Speaking at a meeting of the Lincolnshire Police and Crime Panel on Friday, he said: “I think it’s totally inequitable that some people in this room might lose their licence if they were at 12 points and others would not, I’m just fundamentally opposed to that system.”
In his role as the chairman of the Association Of Police and Crime Commissioners, Mr Jones is calling for the “anomalous” policy to be scrapped all together or majorly overhauled.
He is also asking for data on the loophole to be collated because “there is none” currently, though he reported that there were two drivers in England still on the roads with 68 points on their licence.
“I was giving a briefing to the House of Lords earlier this week, and there was some really compelling evidence from a parent who had lost their 23 year old child, because somebody that had plead exceptional hardship kept their licence and then gone on to kill,” he told Local Democracy Reporters after the meeting.
“Quite simply, I don’t accept that it’s a right to drive, it’s a privilege to drive and if you can’t follow the same rules that the rest of us have to follow, you shouldn’t be on the road.”
He acknowledged there were genuine “extreme circumstances,” but said it was just being applied too liberally.
It comes as Mr Jones helped launch a new Roads Policing Unit in a bid to crack down on dangerous driving in all forms.
“What I’m looking to do is save lives of our residents on our roads.
“Around 50 people suddenly lose loved ones on our roads in Lincolnshire every year, around 2,000 people nationally – for seriously injured, it’s obviously significantly more.
“Each one of those is a huge tragedy and loss to that family and their friends.
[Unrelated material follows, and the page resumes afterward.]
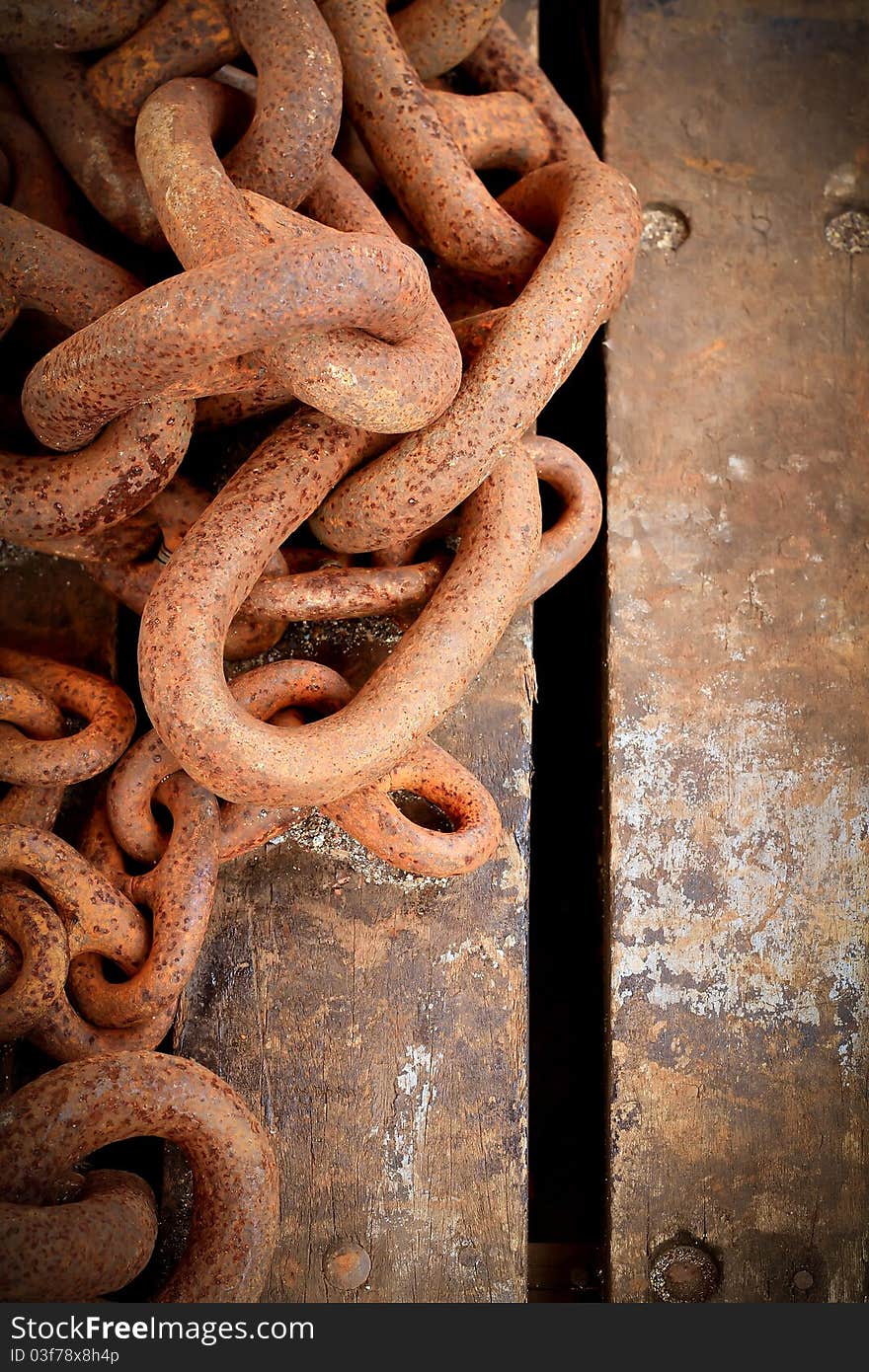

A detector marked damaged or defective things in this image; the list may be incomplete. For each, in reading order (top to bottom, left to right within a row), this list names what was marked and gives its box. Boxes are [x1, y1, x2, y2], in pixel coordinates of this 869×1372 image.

rusty chain [0, 0, 637, 1300]
orange rust texture [603, 0, 867, 1300]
“Equally from an economic point of view, how often do we curse the fact that roads have been closed? The fact that literally millions of pounds go into managing all of the processes around fatal collisions on our roads is a huge drain on our resources.
“So for moral reasons and economic reasons, we need to do more to sort this out.”
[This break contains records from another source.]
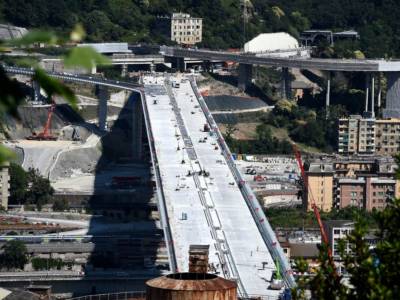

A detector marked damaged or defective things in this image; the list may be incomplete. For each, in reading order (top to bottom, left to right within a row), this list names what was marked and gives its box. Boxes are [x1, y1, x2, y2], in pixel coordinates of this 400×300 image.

rusty metal cylinder [145, 274, 236, 298]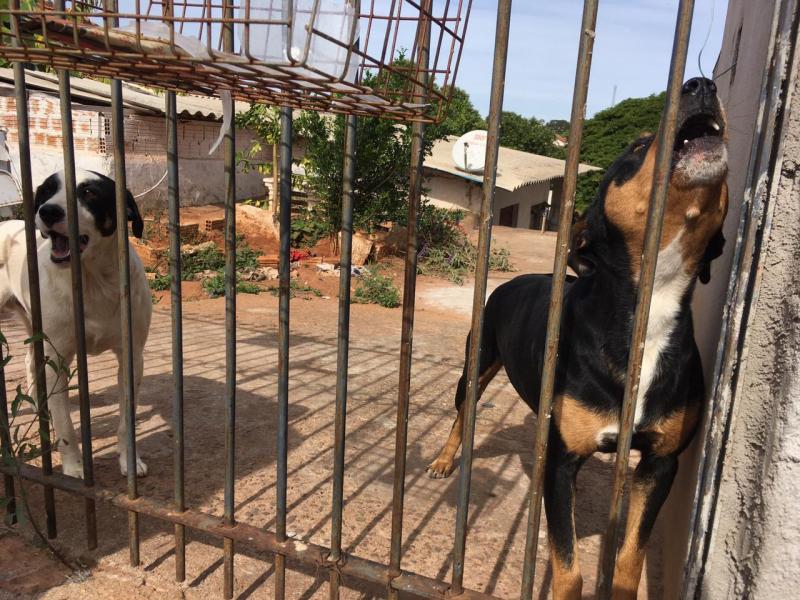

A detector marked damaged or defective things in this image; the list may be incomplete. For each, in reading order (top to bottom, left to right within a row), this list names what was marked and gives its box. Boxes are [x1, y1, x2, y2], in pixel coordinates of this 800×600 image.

rusty metal bar [11, 61, 57, 540]
rusty metal bar [57, 64, 100, 548]
rusty metal bar [109, 75, 141, 568]
rusty metal bar [164, 88, 186, 580]
rusty metal bar [222, 2, 238, 596]
rusty metal grid [0, 0, 472, 123]
rusty metal bar [3, 464, 496, 600]
rusty metal bar [276, 105, 294, 600]
rusty metal bar [330, 112, 358, 600]
rusty metal bar [388, 2, 432, 596]
rusty metal bar [450, 0, 512, 596]
rusty metal bar [516, 0, 596, 596]
rusty metal bar [592, 0, 692, 596]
His comments come as Lincolnshire Police officers and staff are taking part in a week of enforcement action to support a national road safety campaign focused on reducing deaths and serious injury.
This week, targeted police enforcement will be taking place around the county to tackle speeding as well as the other ‘Fatal Four’ offences – using a mobile phone, not wearing seatbelts and driving while under the influence of drink and drugs – in a bid to keep our counties roads safer for all.
Reducing the number of those killed or seriously injured on our roads remains a year-round priority for the force. Alongside this, officers and partner agencies are also pledging their support for Project EDWARD (Every Day Without A Road Death).
The government-backed initiative was established in 2016 and aims to help reduce death and serious injuries on the road. This year’s Project EDWARD is centred around the theme Fit for the Road.